* _Input data_
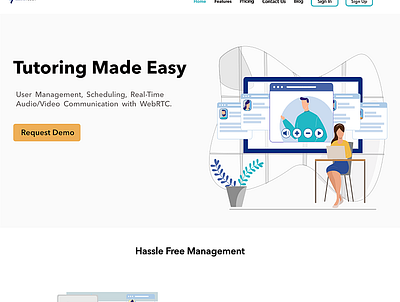 Meetrix Teach Landing page 1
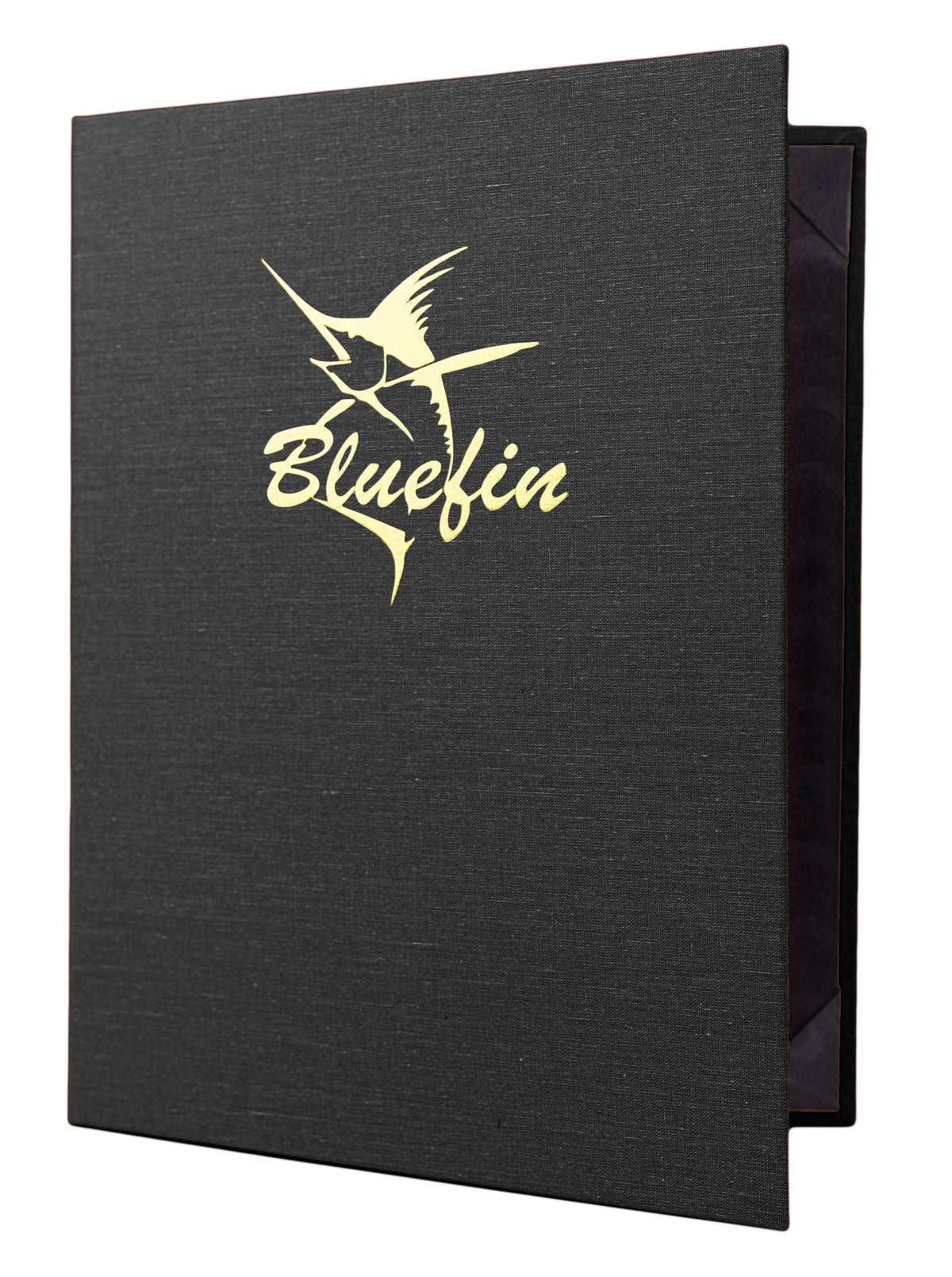 Black Casebound Menu M1857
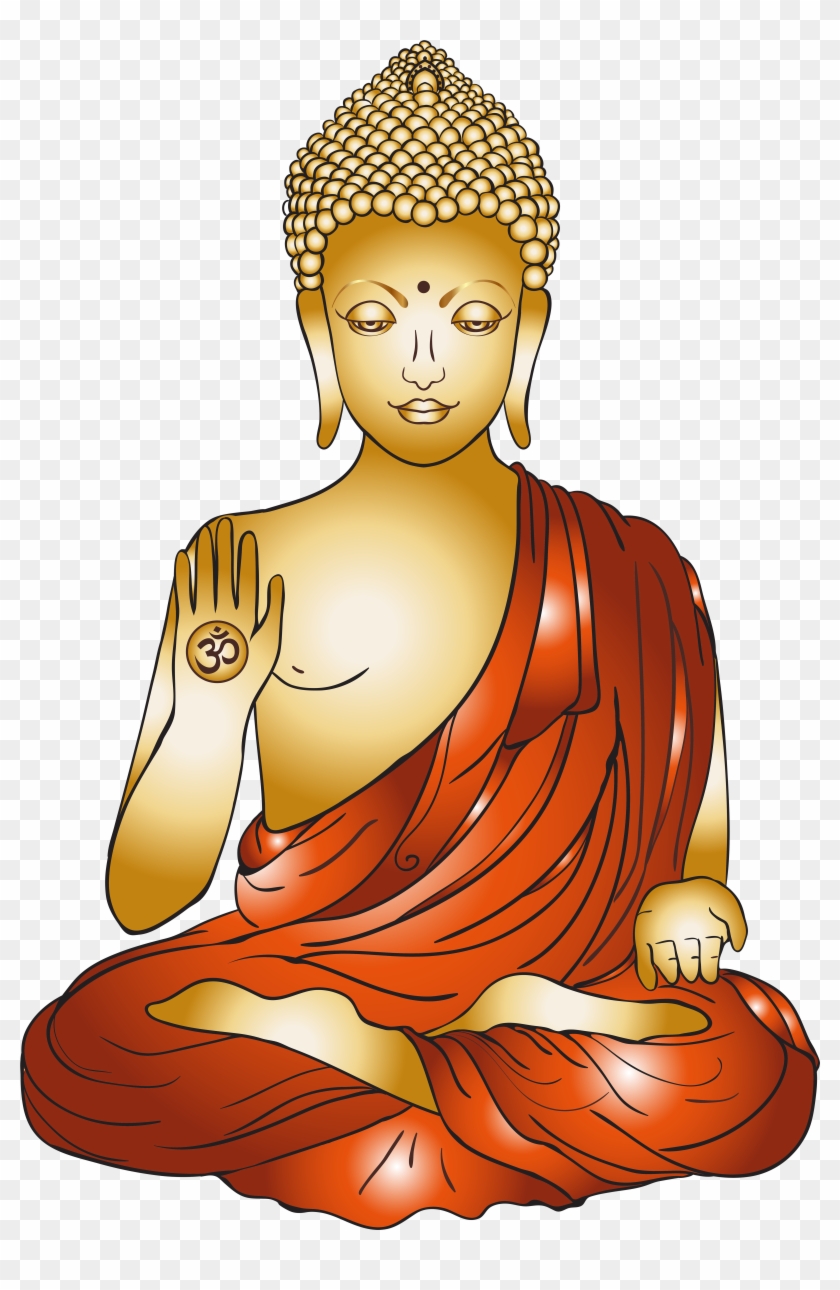 Gautama Buddha Png - Transparent Background Buddha Clipart #416901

* _To do_
Could you give the material above again, exactly and without its pictures?

* _Task output_
 Meetrix Teach Landing page 1
 Black Casebound Menu M1857
 Gautama Buddha Png - Transparent Background Buddha Clipart #416901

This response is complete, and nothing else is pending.